Setelah kejadian memilukan itu, korban mulai sakit-sakitan. Keluarga pun tak menyerah untuk mendampingi dan memberikan perawatan ekstra bagi korban.
“Kondisi anak itu waktu selang satu bulan pemerkosaan pernah sakit di vagina ada lendir yang warna hijau, nggak normal dan itu diupayakan dengan minum jamu. Itu sudah mereda cuma dari situ sampai sekarang sering sakit dan jarang sekolah,” ungkapnya.
“Dalam seminggu hanya dua hari sekolah karena dia sakit-sakitan panas. Sampai hari ini sering panas, sudah saya bawa ke puskesmas atau obat dari apotek terdekat,” sambungnya.
Pihaknya sudah menghubungi Komisi Perlindungan Anak Daerah (KPAD) untuk mendapatkan penanganan. SAI juga menambahkan, Kementerian Sosial dan Kementerian PPA juga sudah turun tangan untuk melakukan pendampingan pada korban.

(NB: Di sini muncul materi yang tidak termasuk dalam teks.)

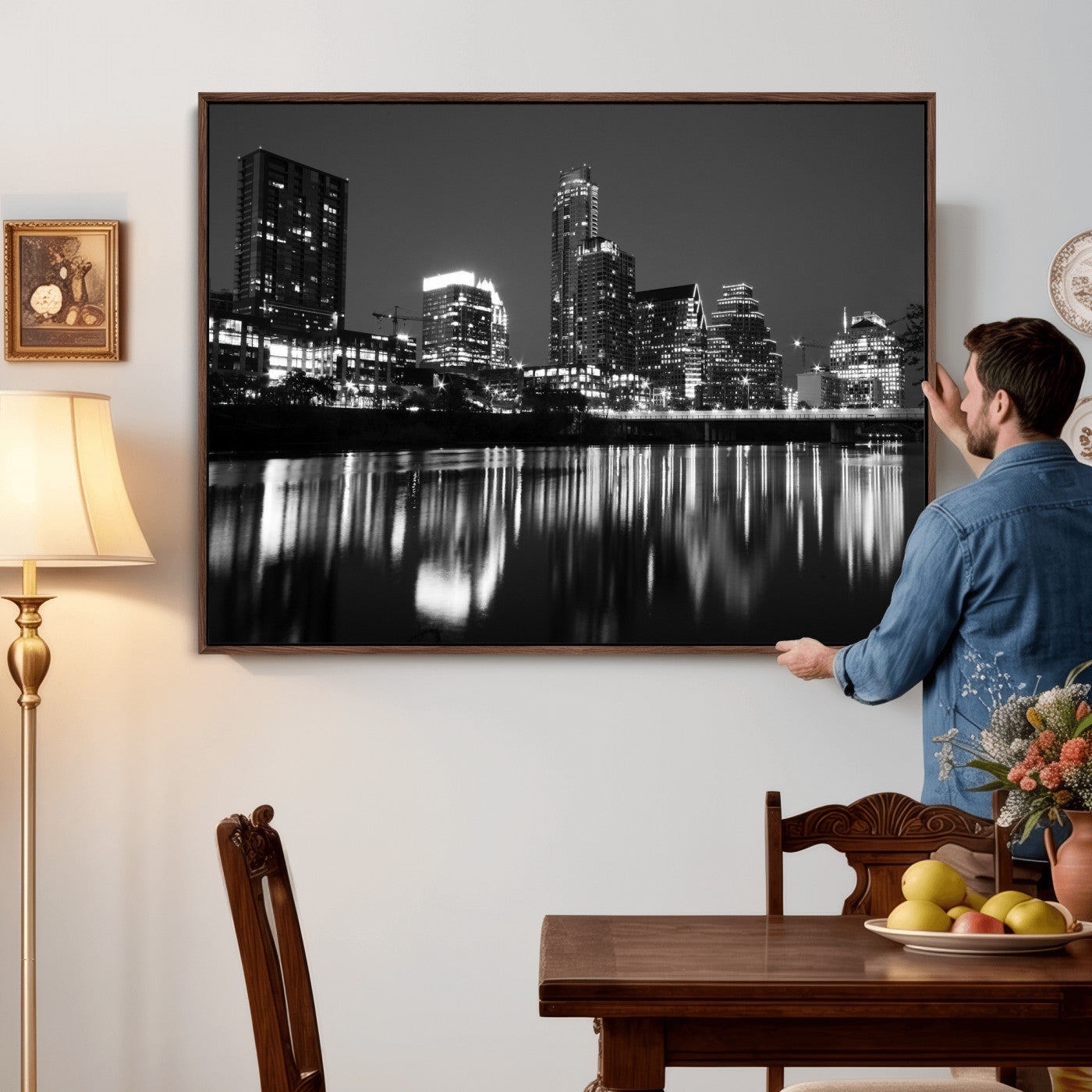 38129554-MGV-CV-36X24 - Austin Skyline Wall Art Canvas Print, Austin Downtown Night Cityscape Print for Modern Urban Wall Decor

“Saya menghubungi PPAD dan kami ditangani. Alhamdulillah sekarang ada yang datang ke rumah untuk memberikan bimbingan psikologi. Kemarin ada dari Kemensos, KemenPPA, LPSK dan semua instansi terkait yang peduli terhadap anak. Mereka memberikan support uang sangat luar biasa kepada kami dan keluarga,” tutupnya.